We observe five different subdomains: one for the gold wire (au_tag), one for the background medium (bkg_tag), one for the PML corners (pml_tag), one for the PML rectangles along \(x\) (pml_tag + 1), and one for the PML rectangles along \(y\) (pml_tag + 2). These different PML regions have different coordinate transformation, as specified here below:

\[\begin{split} \text{PML}_\text{corners} \rightarrow \mathbf{r}^\prime & = (x^\prime, y^\prime) \\ \text{PML}_\text{rectangles along x} \rightarrow \mathbf{r}^\prime & = (x^\prime, y) \\ \text{PML}_\text{rectangles along y} \rightarrow \mathbf{r}^\prime & = (x, y^\prime). \end{split}\]

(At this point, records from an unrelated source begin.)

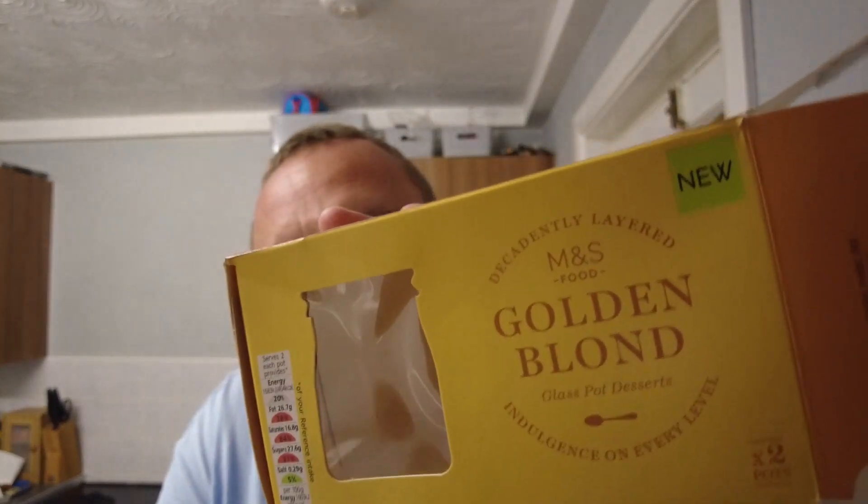Please like and subscribe if you want to see more heavenly desserts reviewed on this channel, although they might not all cost a banging £5 a pop. But it's Marks & Spencer's, so you know it's going to be a treat — and you know it's not going to be cheap either. I don't know how I'm going to fight myself not to eat the second one. I will try and share it, but I don't think anyone else in the house likes this golden blonde flavour as much as me, so I might get lucky tomorrow night and eat the second one — or maybe in about 10 minutes.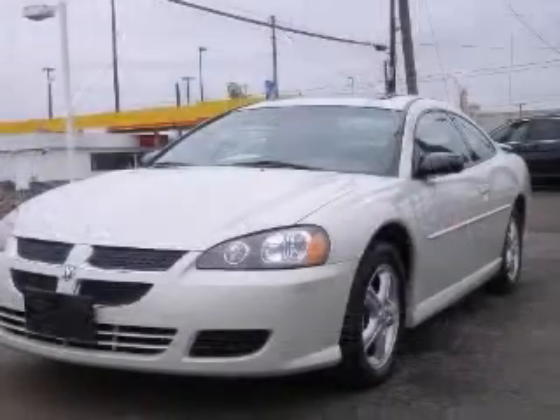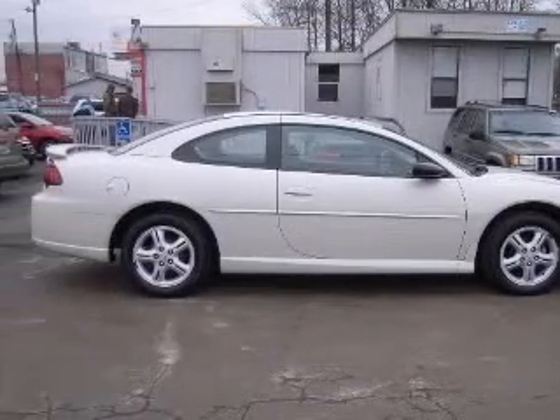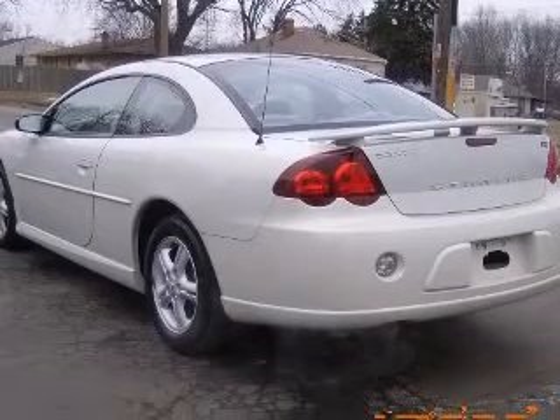This vehicle has a satin white clear coat exterior and includes the following options: air conditioning, center console, full-width covered storage, chrome grille, clock-in radio, cruise control, front seat type bucket, and front wheel drive.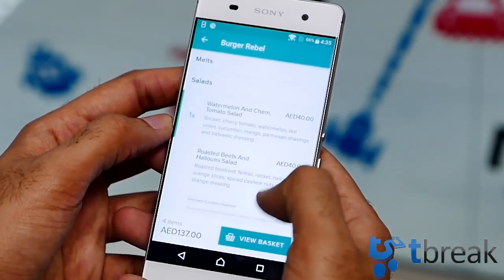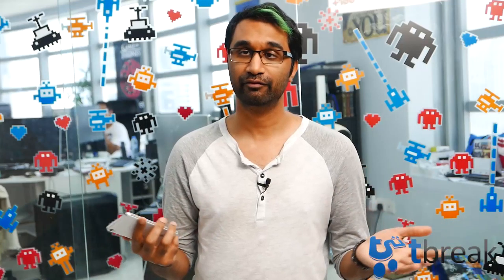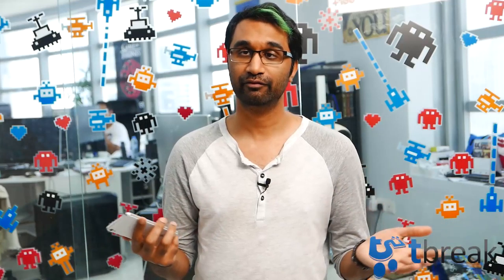Just choose the restaurant you want to order from, add your food and any instructions for the restaurant, and pay for your meal via credit card. There's no hunting around the house for loose change. What I like specifically about Deliveroo is that it has certain outlets that aren't on other food delivery apps, which gives me more options for a more varied menu.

Now we define some other problem specific parameters:

wl0 = 0.4  # Wavelength of the background field
n_bkg = 1  # Background refractive index
eps_bkg = n_bkg**2  # Background relative permittivity
k0 = 2 * np.pi / wl0  # Wavevector of the background field
theta = 0  # Angle of incidence of the background field

We use a degree 3 Nedelec (first kind) element to represent the electric field:

degree = 3
curl_el = element("N1curl", msh.basix_cell(), degree)
V = fem.functionspace(msh, curl_el)

Next, we interpolate \(\mathbf{E}_b\) into the function space \(V\), define our trial and test function, and the integration domains:

Eb = fem.Function(V)
f = partial(background_field, theta, n_bkg, k0)
Eb.interpolate(f)

# Definition of Trial and Test functions
Es = ufl.TrialFunction(V)
v = ufl.TestFunction(V)

# Definition of 3d fields
Es_3d = ufl.as_vector((Es[0], Es[1], 0))
v_3d = ufl.as_vector((v[0], v[1], 0))

# Measures for subdomains
dx = ufl.Measure("dx", msh, subdomain_data=cell_tags)
dDom = dx((au_tag, bkg_tag))
dPml_xy = dx(pml_tag)
dPml_x = dx(pml_tag + 1)
dPml_y = dx(pml_tag + 2)

Let’s now define the relative permittivity \(\varepsilon_m\) of the gold wire at \(400nm\) (data taken from Olmon et al. 2012 , and for a quick reference have a look at refractiveindex.info):

# Definition of relative permittivity for Au @400nm
eps_au = -1.0782 + 1j * 5.8089

We can now define a space function for the permittivity \(\varepsilon\) that takes the value \(\varepsilon_m\) for cells inside the wire, while it takes the value of the background permittivity \(\varepsilon_b\) in the background region:

D = fem.functionspace(msh, ("DG", 0))
eps = fem.Function(D)
au_cells = cell_tags.find(au_tag)
bkg_cells = cell_tags.find(bkg_tag)
eps.x.array[au_cells] = np.full_like(au_cells, eps_au, dtype=eps.x.array.dtype)
eps.x.array[bkg_cells] = np.full_like(bkg_cells, eps_bkg, dtype=eps.x.array.dtype)
eps.x.scatter_forward()

Now we need to define our weak form in DOLFINx. Let’s write the PML weak form first. As a first step, we can define our new complex coordinates as:

x = ufl.SpatialCoordinate(msh)
alpha = 1

# PML corners
xy_pml = ufl.as_vector((pml_coordinates(x[0], alpha, k0, l_dom, l_pml),
                        pml_coordinates(x[1], alpha, k0, l_dom, l_pml)))

# PML rectangles along x
x_pml = ufl.as_vector((pml_coordinates(x[0], alpha, k0, l_dom, l_pml), x[1]))

# PML rectangles along y
y_pml = ufl.as_vector((x[0], pml_coordinates(x[1], alpha, k0, l_dom, l_pml)))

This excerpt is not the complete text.